- **Exercise**: Print the data that follows exactly as it stands, from its first line through the line containing "BOOM HYD PIPING(5.65M, STD, #0466-)", and stop there.

Records from a data source
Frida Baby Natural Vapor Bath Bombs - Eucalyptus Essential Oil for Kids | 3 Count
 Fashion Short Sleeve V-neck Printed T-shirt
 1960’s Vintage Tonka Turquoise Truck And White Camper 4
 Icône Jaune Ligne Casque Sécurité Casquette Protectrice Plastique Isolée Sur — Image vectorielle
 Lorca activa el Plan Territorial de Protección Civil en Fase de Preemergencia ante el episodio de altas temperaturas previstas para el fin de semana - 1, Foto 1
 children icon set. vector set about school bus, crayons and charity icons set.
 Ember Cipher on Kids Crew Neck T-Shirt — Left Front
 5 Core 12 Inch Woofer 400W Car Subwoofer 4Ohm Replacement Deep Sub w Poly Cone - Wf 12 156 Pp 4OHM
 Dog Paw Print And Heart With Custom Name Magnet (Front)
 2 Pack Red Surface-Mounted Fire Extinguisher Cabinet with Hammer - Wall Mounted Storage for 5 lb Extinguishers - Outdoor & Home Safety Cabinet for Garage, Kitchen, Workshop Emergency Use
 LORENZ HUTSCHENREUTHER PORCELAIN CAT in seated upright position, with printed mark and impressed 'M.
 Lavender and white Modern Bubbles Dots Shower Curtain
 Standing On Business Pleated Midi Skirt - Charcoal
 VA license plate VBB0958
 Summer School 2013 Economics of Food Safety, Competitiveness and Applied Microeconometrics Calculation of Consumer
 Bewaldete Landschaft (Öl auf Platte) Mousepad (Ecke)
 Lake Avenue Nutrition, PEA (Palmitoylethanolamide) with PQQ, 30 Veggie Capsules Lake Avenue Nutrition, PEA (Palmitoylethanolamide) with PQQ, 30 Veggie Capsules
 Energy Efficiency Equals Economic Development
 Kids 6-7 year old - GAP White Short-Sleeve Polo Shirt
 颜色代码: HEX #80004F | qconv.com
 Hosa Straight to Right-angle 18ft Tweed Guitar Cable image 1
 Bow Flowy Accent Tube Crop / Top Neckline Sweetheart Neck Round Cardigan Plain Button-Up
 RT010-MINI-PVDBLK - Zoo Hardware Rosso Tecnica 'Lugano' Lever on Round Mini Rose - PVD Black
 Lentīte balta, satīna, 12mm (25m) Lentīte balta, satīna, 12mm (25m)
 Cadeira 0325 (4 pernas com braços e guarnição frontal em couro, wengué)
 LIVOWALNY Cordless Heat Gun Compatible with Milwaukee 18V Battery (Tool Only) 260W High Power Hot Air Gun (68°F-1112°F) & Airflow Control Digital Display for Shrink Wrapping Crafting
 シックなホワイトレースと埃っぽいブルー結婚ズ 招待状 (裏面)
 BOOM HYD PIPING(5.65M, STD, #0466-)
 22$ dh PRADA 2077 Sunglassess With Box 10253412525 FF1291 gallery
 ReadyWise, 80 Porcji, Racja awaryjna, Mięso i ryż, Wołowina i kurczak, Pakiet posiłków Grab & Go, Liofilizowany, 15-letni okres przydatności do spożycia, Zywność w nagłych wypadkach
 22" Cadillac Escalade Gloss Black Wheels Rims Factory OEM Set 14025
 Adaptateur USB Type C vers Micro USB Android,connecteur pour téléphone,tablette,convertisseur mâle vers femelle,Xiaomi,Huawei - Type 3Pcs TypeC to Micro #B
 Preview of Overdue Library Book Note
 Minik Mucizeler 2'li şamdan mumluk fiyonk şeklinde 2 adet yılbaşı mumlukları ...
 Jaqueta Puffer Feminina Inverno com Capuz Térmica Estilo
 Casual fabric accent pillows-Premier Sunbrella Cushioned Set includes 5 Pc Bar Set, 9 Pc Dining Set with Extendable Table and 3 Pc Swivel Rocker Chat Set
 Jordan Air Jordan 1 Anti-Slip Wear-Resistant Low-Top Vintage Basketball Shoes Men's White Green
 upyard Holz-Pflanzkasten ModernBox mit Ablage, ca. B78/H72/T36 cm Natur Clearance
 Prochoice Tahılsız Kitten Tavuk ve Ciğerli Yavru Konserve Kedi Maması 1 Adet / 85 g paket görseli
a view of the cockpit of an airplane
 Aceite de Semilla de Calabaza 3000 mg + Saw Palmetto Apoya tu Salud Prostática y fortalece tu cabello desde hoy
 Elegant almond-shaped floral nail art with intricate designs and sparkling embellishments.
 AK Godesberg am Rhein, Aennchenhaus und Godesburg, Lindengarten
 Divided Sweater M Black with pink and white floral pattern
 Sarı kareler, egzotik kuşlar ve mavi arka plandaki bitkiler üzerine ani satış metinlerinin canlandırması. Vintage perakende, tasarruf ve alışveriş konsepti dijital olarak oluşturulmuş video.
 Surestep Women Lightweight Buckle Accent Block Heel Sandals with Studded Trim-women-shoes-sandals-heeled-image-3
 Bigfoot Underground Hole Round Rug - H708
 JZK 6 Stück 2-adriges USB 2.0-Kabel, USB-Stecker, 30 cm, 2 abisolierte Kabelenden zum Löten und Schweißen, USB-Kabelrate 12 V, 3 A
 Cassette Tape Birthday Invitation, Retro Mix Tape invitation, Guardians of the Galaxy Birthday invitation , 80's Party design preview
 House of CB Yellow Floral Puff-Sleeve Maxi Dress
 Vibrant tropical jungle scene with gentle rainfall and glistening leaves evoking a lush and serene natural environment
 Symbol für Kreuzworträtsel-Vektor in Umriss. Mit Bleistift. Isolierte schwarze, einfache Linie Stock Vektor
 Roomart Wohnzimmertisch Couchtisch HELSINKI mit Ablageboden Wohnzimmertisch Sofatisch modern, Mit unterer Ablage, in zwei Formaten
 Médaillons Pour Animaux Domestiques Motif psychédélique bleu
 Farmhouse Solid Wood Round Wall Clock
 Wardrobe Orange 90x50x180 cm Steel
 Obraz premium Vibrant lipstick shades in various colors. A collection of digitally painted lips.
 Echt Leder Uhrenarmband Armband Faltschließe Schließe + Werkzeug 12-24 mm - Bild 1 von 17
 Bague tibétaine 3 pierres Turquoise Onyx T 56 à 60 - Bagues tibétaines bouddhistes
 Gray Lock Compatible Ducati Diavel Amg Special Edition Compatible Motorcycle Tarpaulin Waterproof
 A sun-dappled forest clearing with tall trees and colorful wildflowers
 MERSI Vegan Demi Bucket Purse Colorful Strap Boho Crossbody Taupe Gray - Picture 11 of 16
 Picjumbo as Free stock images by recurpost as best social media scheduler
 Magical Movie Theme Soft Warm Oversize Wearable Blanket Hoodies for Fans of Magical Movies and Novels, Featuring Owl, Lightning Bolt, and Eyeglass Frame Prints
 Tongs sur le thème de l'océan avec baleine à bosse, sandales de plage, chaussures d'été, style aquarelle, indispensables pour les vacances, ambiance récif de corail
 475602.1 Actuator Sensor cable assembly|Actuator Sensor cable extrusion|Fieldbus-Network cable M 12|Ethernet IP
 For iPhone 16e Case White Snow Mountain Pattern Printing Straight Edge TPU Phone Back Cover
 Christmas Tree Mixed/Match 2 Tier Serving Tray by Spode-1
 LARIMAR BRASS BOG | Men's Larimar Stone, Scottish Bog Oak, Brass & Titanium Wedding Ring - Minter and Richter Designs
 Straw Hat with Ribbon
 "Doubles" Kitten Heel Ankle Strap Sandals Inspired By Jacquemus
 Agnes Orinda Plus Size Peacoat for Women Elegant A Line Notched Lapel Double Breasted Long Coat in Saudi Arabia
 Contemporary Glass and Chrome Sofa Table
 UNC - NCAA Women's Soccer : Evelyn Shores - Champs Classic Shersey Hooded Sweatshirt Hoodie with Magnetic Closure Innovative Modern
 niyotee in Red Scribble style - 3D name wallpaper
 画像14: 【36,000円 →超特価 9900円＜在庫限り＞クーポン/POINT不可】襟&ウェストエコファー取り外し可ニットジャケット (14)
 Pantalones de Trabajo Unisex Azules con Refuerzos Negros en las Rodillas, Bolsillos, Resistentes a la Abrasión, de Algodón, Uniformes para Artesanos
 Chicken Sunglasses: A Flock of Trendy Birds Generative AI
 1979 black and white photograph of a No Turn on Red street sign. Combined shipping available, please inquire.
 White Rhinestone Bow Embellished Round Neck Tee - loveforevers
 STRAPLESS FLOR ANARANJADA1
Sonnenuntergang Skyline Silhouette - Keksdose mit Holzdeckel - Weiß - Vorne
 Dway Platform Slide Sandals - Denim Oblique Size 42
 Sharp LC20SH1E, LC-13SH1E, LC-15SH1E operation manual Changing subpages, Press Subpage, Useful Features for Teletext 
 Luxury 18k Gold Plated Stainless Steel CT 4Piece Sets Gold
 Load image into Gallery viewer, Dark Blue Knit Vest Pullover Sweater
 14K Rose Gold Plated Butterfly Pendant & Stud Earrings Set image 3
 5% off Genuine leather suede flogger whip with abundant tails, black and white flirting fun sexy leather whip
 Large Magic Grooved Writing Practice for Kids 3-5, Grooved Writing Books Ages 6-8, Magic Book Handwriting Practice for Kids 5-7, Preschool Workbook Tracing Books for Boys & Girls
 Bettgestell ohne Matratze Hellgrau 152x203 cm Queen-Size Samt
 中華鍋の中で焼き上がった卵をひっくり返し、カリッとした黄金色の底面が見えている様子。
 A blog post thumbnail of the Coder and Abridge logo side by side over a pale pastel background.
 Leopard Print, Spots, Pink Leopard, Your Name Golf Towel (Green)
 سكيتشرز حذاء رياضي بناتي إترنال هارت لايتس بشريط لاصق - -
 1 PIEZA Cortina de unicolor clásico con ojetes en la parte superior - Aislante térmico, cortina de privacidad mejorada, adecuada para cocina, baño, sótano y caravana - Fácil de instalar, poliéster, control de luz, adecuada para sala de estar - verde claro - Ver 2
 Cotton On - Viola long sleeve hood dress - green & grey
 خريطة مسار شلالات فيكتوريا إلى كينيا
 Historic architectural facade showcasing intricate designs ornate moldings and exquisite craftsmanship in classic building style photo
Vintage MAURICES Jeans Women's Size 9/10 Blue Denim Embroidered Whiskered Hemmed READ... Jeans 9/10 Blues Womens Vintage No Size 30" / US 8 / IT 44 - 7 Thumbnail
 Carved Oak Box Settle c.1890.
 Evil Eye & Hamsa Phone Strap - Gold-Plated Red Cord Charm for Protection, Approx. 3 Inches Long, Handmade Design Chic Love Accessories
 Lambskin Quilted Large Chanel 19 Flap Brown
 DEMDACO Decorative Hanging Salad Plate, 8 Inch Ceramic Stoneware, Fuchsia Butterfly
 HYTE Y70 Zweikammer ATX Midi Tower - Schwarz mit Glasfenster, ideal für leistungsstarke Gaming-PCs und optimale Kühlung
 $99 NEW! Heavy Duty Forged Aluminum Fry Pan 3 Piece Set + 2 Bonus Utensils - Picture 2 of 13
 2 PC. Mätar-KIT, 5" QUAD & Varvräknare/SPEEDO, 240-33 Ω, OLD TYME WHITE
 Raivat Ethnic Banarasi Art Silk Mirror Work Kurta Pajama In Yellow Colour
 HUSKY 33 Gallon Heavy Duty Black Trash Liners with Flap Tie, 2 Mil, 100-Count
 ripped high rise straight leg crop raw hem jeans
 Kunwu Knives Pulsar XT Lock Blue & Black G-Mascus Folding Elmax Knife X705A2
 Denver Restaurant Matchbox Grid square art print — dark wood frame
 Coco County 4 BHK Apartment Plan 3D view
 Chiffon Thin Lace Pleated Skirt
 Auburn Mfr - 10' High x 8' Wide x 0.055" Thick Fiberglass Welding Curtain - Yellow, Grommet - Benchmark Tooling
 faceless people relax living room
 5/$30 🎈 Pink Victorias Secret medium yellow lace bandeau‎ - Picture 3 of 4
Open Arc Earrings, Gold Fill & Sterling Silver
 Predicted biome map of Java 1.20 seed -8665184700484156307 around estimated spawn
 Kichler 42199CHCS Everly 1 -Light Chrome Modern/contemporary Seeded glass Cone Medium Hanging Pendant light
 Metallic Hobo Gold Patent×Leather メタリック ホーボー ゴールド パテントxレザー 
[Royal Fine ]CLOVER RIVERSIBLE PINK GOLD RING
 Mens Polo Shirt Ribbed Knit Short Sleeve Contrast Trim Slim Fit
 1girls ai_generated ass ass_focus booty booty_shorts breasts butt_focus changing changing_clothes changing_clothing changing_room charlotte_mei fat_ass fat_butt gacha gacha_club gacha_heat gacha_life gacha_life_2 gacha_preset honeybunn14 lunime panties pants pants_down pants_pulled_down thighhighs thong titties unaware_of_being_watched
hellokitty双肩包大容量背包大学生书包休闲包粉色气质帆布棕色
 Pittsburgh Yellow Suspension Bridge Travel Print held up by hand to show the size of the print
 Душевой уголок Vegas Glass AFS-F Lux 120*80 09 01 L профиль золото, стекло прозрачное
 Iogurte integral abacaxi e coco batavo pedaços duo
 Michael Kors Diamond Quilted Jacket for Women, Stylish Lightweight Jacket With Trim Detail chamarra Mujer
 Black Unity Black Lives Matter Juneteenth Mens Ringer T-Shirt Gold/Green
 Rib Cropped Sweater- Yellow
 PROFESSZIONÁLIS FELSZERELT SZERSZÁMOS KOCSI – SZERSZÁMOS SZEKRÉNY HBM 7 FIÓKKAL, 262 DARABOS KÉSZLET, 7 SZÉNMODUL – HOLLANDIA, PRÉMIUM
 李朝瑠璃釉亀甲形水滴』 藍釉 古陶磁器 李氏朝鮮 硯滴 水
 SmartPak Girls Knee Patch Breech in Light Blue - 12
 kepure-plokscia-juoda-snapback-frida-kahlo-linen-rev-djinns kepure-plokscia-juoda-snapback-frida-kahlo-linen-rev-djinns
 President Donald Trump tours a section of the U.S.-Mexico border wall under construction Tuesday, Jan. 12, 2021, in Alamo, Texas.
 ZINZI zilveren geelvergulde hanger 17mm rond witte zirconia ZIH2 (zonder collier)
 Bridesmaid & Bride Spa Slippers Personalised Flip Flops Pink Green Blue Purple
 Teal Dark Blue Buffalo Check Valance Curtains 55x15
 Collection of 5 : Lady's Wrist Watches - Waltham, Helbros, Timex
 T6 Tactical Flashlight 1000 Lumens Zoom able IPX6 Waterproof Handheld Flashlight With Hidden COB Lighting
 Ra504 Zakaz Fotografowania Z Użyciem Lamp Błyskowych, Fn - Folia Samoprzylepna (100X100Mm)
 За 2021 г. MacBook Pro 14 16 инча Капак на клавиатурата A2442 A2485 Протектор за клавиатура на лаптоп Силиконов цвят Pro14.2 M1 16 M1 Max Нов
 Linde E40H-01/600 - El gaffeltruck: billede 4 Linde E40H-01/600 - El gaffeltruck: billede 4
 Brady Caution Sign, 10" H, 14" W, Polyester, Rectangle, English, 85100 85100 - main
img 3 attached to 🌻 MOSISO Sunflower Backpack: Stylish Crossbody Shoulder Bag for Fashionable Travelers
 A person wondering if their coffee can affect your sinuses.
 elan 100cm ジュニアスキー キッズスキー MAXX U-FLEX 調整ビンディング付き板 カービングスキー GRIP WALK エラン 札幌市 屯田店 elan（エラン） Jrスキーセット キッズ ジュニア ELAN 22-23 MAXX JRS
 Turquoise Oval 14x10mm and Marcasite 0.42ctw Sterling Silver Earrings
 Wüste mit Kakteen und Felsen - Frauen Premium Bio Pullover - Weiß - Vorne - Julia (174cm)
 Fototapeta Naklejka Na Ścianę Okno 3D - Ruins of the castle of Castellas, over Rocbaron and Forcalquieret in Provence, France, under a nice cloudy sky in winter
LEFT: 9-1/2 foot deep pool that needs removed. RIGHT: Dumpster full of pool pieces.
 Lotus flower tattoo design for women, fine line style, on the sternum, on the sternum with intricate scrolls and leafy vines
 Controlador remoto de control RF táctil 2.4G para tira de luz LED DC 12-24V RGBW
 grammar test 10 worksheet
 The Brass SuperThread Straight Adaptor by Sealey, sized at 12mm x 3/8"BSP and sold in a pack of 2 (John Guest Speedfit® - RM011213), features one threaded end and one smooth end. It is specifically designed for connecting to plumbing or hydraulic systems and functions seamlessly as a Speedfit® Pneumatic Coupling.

- **Response to the exercise**:
Frida Baby Natural Vapor Bath Bombs - Eucalyptus Essential Oil for Kids | 3 Count
 Fashion Short Sleeve V-neck Printed T-shirt
 1960’s Vintage Tonka Turquoise Truck And White Camper 4
 Icône Jaune Ligne Casque Sécurité Casquette Protectrice Plastique Isolée Sur — Image vectorielle
 Lorca activa el Plan Territorial de Protección Civil en Fase de Preemergencia ante el episodio de altas temperaturas previstas para el fin de semana - 1, Foto 1
 children icon set. vector set about school bus, crayons and charity icons set.
 Ember Cipher on Kids Crew Neck T-Shirt — Left Front
 5 Core 12 Inch Woofer 400W Car Subwoofer 4Ohm Replacement Deep Sub w Poly Cone - Wf 12 156 Pp 4OHM
 Dog Paw Print And Heart With Custom Name Magnet (Front)
 2 Pack Red Surface-Mounted Fire Extinguisher Cabinet with Hammer - Wall Mounted Storage for 5 lb Extinguishers - Outdoor & Home Safety Cabinet for Garage, Kitchen, Workshop Emergency Use
 LORENZ HUTSCHENREUTHER PORCELAIN CAT in seated upright position, with printed mark and impressed 'M.
 Lavender and white Modern Bubbles Dots Shower Curtain
 Standing On Business Pleated Midi Skirt - Charcoal
 VA license plate VBB0958
 Summer School 2013 Economics of Food Safety, Competitiveness and Applied Microeconometrics Calculation of Consumer
 Bewaldete Landschaft (Öl auf Platte) Mousepad (Ecke)
 Lake Avenue Nutrition, PEA (Palmitoylethanolamide) with PQQ, 30 Veggie Capsules Lake Avenue Nutrition, PEA (Palmitoylethanolamide) with PQQ, 30 Veggie Capsules
 Energy Efficiency Equals Economic Development
 Kids 6-7 year old - GAP White Short-Sleeve Polo Shirt
 颜色代码: HEX #80004F | qconv.com
 Hosa Straight to Right-angle 18ft Tweed Guitar Cable image 1
 Bow Flowy Accent Tube Crop / Top Neckline Sweetheart Neck Round Cardigan Plain Button-Up
 RT010-MINI-PVDBLK - Zoo Hardware Rosso Tecnica 'Lugano' Lever on Round Mini Rose - PVD Black
 Lentīte balta, satīna, 12mm (25m) Lentīte balta, satīna, 12mm (25m)
 Cadeira 0325 (4 pernas com braços e guarnição frontal em couro, wengué)
 LIVOWALNY Cordless Heat Gun Compatible with Milwaukee 18V Battery (Tool Only) 260W High Power Hot Air Gun (68°F-1112°F) & Airflow Control Digital Display for Shrink Wrapping Crafting
 シックなホワイトレースと埃っぽいブルー結婚ズ 招待状 (裏面)
 BOOM HYD PIPING(5.65M, STD, #0466-)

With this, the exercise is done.